GOAL OF THE EXERCISE: Show every line below where "website" appears.

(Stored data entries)

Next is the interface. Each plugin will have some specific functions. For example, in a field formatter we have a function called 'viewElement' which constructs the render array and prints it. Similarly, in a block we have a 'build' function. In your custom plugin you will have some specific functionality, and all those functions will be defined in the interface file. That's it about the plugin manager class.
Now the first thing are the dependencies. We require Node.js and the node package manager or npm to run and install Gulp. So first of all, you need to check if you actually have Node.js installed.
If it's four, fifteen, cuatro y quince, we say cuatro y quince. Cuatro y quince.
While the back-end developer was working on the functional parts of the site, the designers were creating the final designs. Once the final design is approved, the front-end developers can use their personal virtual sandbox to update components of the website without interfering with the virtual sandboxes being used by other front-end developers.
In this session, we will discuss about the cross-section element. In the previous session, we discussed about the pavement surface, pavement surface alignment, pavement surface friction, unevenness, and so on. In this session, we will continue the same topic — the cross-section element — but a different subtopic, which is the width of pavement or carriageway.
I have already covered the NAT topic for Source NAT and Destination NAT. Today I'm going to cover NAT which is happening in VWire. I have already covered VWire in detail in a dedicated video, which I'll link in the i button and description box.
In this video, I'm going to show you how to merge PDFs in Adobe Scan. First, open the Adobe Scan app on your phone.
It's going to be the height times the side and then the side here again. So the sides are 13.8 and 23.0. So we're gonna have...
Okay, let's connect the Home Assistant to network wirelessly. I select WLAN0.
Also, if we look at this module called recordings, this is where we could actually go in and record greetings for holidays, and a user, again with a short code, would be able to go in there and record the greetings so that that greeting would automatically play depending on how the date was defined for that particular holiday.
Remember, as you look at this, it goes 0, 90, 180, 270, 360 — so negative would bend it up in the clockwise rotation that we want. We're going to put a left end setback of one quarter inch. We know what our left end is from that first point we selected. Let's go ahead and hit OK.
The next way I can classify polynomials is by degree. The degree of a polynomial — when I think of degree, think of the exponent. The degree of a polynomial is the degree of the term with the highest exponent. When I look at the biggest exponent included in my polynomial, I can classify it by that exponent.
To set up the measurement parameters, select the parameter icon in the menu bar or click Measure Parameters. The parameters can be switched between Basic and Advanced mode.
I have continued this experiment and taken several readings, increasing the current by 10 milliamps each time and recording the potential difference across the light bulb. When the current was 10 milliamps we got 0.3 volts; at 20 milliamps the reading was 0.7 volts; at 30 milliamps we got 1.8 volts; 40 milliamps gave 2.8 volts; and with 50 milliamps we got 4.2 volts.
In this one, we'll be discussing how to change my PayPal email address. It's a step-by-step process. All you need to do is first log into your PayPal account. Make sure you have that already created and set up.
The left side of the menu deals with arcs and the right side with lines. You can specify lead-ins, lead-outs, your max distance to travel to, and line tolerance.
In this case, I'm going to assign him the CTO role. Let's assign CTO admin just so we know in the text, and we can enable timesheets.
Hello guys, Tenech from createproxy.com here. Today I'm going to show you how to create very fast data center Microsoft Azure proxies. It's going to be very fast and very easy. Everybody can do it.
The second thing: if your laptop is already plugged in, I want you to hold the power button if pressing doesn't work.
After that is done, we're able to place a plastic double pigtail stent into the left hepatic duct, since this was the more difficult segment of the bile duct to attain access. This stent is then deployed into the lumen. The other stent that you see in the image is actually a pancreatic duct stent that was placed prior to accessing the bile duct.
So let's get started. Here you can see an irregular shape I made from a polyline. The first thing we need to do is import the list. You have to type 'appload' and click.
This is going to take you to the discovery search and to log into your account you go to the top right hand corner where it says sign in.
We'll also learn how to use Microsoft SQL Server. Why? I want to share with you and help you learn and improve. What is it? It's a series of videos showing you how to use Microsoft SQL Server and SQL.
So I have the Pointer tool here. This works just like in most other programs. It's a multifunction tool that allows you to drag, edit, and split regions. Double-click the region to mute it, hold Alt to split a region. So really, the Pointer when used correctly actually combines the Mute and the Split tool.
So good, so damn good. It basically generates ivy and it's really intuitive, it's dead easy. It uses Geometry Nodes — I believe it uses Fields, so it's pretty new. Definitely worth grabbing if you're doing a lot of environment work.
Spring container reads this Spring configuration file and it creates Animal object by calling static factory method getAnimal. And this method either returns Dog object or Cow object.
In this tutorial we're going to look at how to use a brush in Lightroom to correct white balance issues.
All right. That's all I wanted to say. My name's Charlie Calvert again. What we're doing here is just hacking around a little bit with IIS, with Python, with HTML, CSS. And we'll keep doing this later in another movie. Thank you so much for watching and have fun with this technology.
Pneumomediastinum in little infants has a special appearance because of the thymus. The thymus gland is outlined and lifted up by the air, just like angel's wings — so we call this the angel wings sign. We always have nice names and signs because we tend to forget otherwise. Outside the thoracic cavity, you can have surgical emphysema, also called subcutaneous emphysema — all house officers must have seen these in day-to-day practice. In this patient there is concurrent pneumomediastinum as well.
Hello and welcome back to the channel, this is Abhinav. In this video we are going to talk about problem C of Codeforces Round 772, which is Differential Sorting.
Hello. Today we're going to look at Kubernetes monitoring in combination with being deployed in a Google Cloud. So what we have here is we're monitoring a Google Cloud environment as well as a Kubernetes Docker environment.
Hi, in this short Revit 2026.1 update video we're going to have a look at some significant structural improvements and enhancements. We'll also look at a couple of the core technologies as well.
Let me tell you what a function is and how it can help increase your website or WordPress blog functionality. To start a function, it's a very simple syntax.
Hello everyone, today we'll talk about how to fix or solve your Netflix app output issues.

REPLY:
While the back-end developer was working on the functional parts of the site, the designers were creating the final designs. Once the final design is approved, the front-end developers can use their personal virtual sandbox to update components of the website without interfering with the virtual sandboxes being used by other front-end developers.
Let me tell you what a function is and how it can help increase your website or WordPress blog functionality. To start a function, it's a very simple syntax.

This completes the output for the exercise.